His only teaching had been as a volunteer instructor at Sing Sing prison. At Iowa, he conducted class like a cocktail party—conversational. He was misunderstood by a lot of Midwesterners, but I knew how to talk at parties.

He’d had a heart attack and couldn’t stop drinking, so his family sent him to Iowa in a wild hope that he’d find himself. He lived at the modest university hotel, one step down from the Holiday Inn. He was famous and isolated—invited to dinner at the president’s house but otherwise eating in the student cafeteria. It was a strange exile for him. It had been a while between books.

 

He was working hard at writing “Falconer.” He drank a lot, but he also got up every morning and wrote at eight. He showed me where in the hotel he stored his book. He put my phone number as the one to call if something happened. I was instructed to save the manuscript. Luckily, I never had to do that.

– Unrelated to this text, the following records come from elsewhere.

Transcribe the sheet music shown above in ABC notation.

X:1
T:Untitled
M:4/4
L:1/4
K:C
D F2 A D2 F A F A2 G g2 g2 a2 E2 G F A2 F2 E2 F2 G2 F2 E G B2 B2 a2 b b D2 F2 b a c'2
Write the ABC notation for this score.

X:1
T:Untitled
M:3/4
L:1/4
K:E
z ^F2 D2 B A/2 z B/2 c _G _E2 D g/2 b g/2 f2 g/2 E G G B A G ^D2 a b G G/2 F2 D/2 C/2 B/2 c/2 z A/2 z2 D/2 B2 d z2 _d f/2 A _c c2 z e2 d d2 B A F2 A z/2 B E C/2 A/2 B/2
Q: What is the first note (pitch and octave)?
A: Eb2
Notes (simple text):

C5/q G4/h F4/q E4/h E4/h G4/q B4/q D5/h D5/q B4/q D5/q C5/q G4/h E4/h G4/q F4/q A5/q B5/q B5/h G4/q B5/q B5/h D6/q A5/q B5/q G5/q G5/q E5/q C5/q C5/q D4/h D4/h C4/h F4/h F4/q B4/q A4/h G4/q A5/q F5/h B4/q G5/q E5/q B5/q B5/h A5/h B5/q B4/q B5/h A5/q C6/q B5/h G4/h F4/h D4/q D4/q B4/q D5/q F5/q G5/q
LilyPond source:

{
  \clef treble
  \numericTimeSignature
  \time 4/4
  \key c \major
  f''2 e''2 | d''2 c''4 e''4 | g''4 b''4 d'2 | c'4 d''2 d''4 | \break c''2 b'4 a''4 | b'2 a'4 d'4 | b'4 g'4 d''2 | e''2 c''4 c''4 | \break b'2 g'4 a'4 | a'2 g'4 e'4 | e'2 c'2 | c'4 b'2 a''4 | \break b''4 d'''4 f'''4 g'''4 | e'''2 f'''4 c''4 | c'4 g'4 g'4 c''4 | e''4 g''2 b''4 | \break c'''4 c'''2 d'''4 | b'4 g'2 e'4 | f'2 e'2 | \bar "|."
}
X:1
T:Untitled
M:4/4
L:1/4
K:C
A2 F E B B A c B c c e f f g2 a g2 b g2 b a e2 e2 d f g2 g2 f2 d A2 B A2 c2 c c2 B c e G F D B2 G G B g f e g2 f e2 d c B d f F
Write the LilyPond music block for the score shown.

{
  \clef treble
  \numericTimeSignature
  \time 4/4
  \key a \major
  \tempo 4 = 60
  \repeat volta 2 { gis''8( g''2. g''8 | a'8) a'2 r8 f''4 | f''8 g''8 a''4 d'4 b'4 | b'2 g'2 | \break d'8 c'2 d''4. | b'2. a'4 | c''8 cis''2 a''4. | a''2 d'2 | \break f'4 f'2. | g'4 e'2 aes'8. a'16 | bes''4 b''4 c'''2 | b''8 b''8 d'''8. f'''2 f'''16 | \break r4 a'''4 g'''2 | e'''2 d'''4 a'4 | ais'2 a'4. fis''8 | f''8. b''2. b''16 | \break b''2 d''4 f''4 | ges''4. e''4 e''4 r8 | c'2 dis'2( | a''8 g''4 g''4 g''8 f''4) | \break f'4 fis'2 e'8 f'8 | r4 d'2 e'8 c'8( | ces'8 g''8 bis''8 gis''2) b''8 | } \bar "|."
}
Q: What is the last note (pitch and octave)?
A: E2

Ours became a real friendship. We’d take long walks to see the buffalo in the zoo. It was consoling to talk to someone who had written so many beautiful sentences but who was still at it, working to redeem and improve himself, to recover. He was a true mentor.

“Minor Heroism” was published fifty years ago. I wonder what you think about the ways the culture has changed since then.

Everybody knows that something’s different. Even kids sense it. Something overtook us. Even the weather changed. We found ourselves psychically dragged to a whole new part of the woods. In the Before Time, we invented Hollywood and jazz and Apple design. We’d had such energy and natural taste: Henry Ford’s assembly line and James Dean’s bluejeans. The character of Lincoln made manifest by how he stood and looked. We were, as they say, the envy of the world. And our simplicity was earnest. It was unfaked. So where did our standards go? How could we have fallen for a shyster, and a failed one? The opposite of smart and the opposite of honest.

It seemed that some crucial percentage of the intelligent population disappeared overnight. Those people who made the design decisions, the unacknowledged brainiacs, even the employees who remembered the birthdays of their least-loved co-workers—missing in action. How could the superego of a whole nation have fallen asleep all at once?

I have a partial answer regarding this subtraction: aids. Eight hundred thousand dead ones. Otherwise, explain why this country seems suddenly so different, so less good? As one witness to the pandemic, I saw how many great artists and moral powerhouses were lost. I think the texture of American life was coarsened by their radical absence. The questioners, the risk-takers, the artistic promissory notes snuffed out in so few years. Some filter that had been positioned since the founding of our Republic was torn open. And what resulted? Today’s tabloid sewage.

Everything from hat design to ethics were suddenly reshaped by a new set of party-politics influencers, strictly the second tier. Certain righteous ones, just about to make their contributions, were yanked out of action at the worst possible time. We lost so much when we lost those beginning geniuses. So when I think back to the Before, looking from the After of right now, I covet those symphonies not written, art movements that died aborning. What should have become our illustrious history now registers as deficit spending. We all live and feel their losses every day. And a large part of our sadness is being perpetually unable to describe what’s been taken away from us.

There are people who would choose Donald Trump over Abraham Lincoln. And we live with them.

Did you and your father ever heal things between the two of you?

Our connection improved toward the end of his life. It shocked him to see so many of my friends die of aids. As a World War Two veteran, he knew the tragedy of early death. Of course gay people were blamed for aids as if we’d invented it. He once told me how unfair he found that.

Later, he was hospitalized with lung complaints. I booked a flight to Florida. He answered the phone. “Daddy,” I said, “it’s Allan—I’ll be there tomorrow. Can I bring you something?”

He responded very slowly, “I still believe in God. You boys are the best thing that ever happened to me. I love you.” He died two hours later.

At least we’d got that. He had withheld as long as he could.